* [REQUIRED WORK]: Return, with both end lines included, exactly what the data below holds from the line with "millions-of-pc-motherboards-were-sold-with-a-firmware-backdoor" through the line with "Woodlyn Park image", though not the pictures.

START SUPPLIED RECORDS

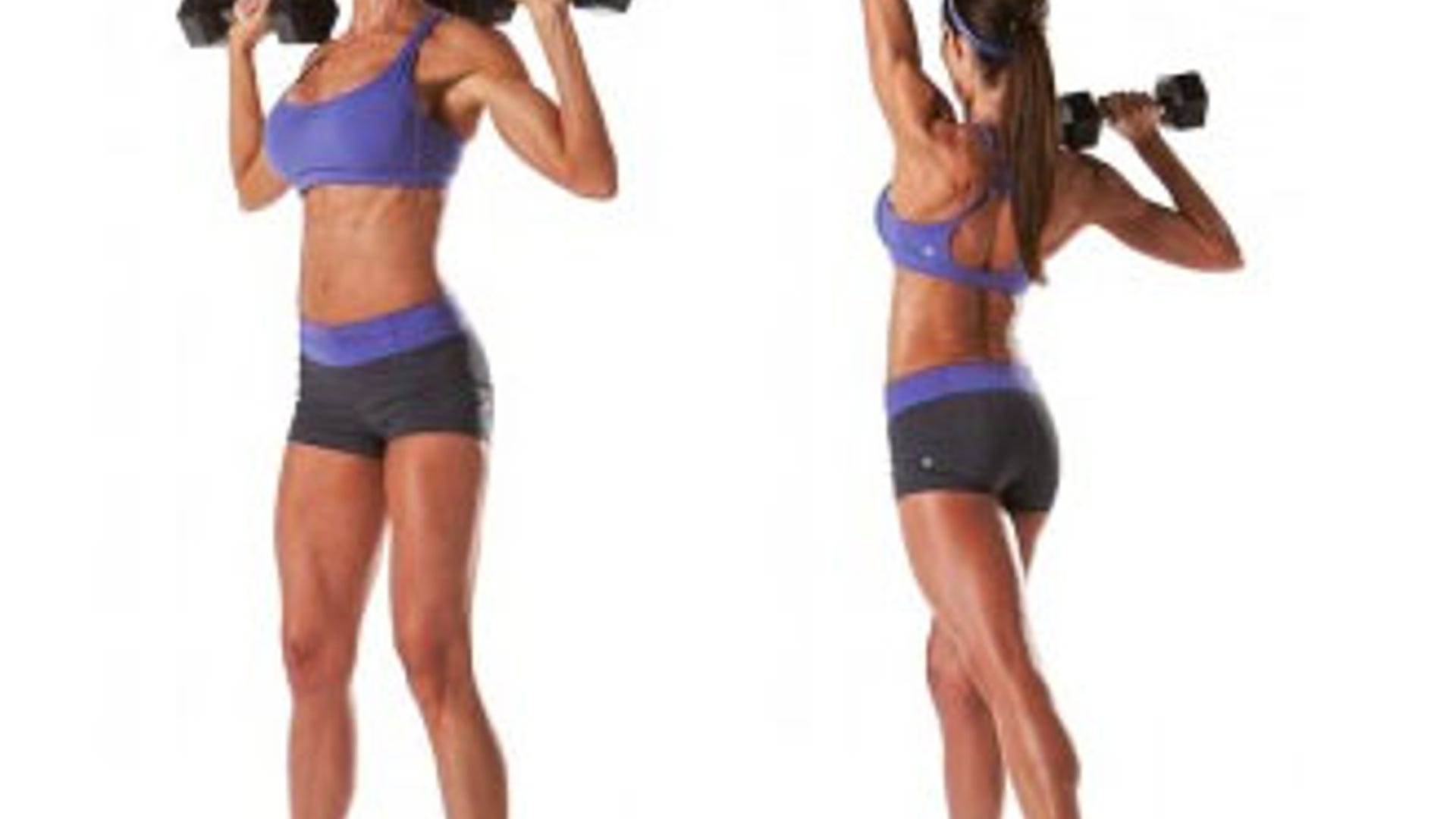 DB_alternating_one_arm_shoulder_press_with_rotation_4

END SUPPLIED RECORDS
START SUPPLIED RECORDS

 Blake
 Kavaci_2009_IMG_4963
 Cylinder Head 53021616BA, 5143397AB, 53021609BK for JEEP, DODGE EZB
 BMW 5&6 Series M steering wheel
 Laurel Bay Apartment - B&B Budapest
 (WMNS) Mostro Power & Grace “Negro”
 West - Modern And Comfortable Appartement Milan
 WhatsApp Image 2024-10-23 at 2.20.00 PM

END SUPPLIED RECORDS
START SUPPLIED RECORDS

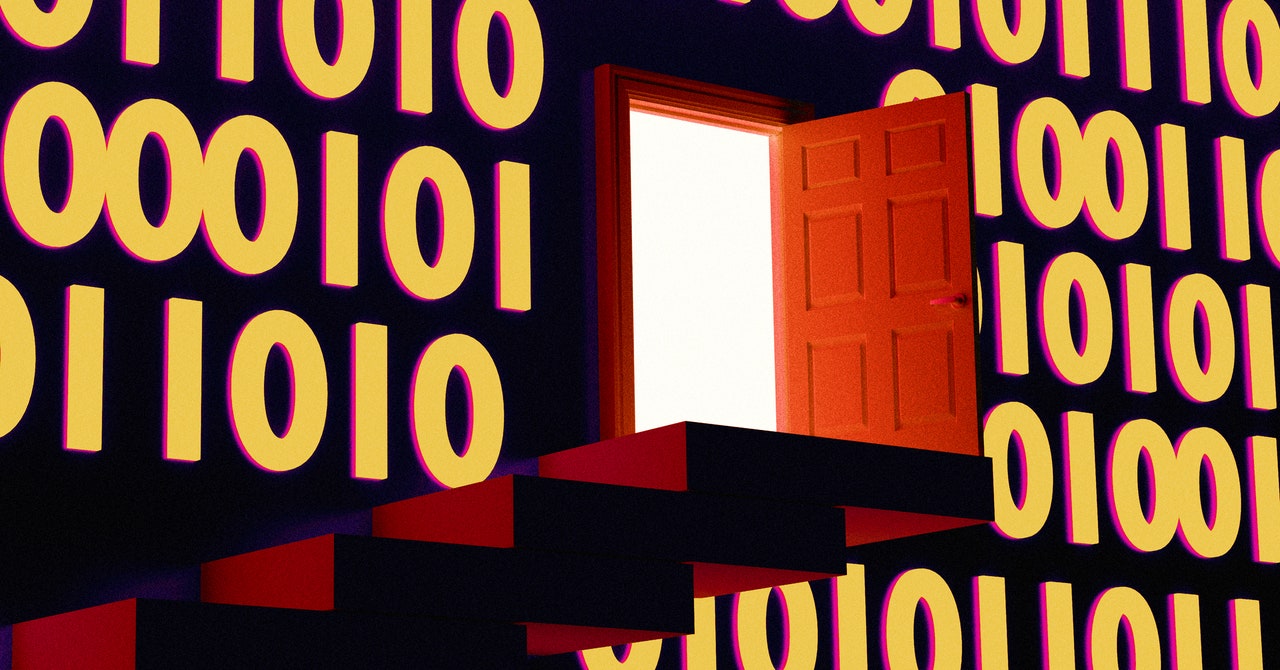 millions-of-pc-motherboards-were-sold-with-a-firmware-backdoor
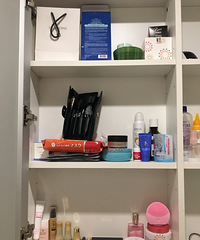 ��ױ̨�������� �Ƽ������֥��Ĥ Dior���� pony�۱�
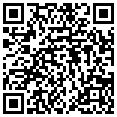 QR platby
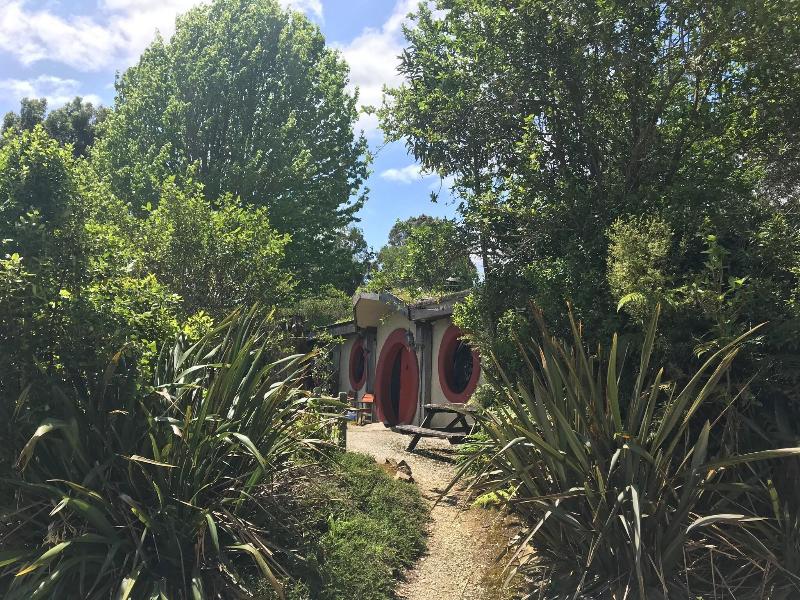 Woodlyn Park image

END SUPPLIED RECORDS

* [ANSWER SECTION]:
 millions-of-pc-motherboards-were-sold-with-a-firmware-backdoor
 ��ױ̨�������� �Ƽ������֥��Ĥ Dior���� pony�۱�
 QR platby
 Woodlyn Park image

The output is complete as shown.